One big worry is what new foreign competitors – such as India's Mahindra, which is poised to enter the American market with two trucks, and several Chinese OEMs that are hungrily eyeing North America – might do in the near term. J.D. Power’s big thinkers, however, don’t see them becoming a big threat anytime soon.
“Mahindra is planning to enter the U.S. market this year, but the volume is expected to be low,” said Schuster. “Chinese brands are later in the future. There have been many announcements, but the launch of significant Chinese vehicles (such as the big rigs seen at left) is not expected during the next few years.”

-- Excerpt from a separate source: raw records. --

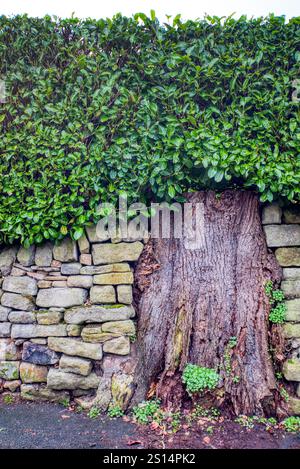 Avoiding a problem with a workaround. A tree stump incorporated into a stone wall and hedge at Baslow, Derbyshire, UK Stock Photo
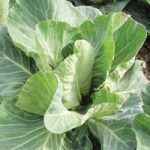 Cabbage ‘Summer Jewel’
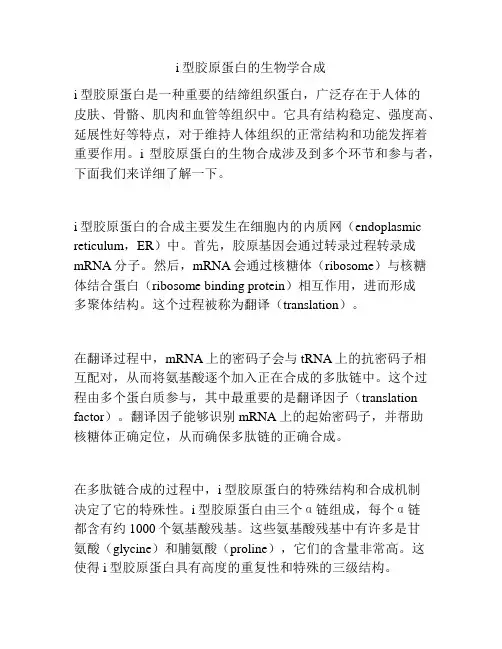 i型胶原蛋白的生物学合成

He noted that there's a lot involved with bringing a new brand to the market; not only developing the right products, but also setting up a dealer base, developing marketing plans, plus getting all the necessary infrastructure in place – and those things take time.
“While we fully expect both Indian and Chinese makers to make a push into North America, the reality is that any significant volume is still a few years away,” Schuster said.
The big challenges in the product arena, though, largely remain the same – quality, dependability, and reliability. “Making high-tech systems as flawless and intuitive as possible will be a key battleground for all of the automakers in the future,” noted Schuster.
“The simple answer is that no automaker will survive over the long term without competitive quality levels, and these days that requires world-class quality,” added Sargent. “This is the price of entry, and any automaker that has serious quality deficiencies will see its reputation – and ultimately its ability to earn viable profits – diminish rapidly.”
The toughest part, he said, will be closing any “perceived” quality gap with consumers. “As other automakers have found, this is harder than closing the actual quality gap,” Sargent stressed.
That’s especially true for smaller vehicles, which have been getting a large amount of attention of late.
“There is no question that consumers respond to increases in gas prices by shifting their purchase decisions downward,” Schuster noted. “However, the true demand for small vehicles will be tested over the next three years, as nearly one-half of new models will be small. While I believe consumers are becoming more accepting of small vehicles, the industry may be going too far too soon.”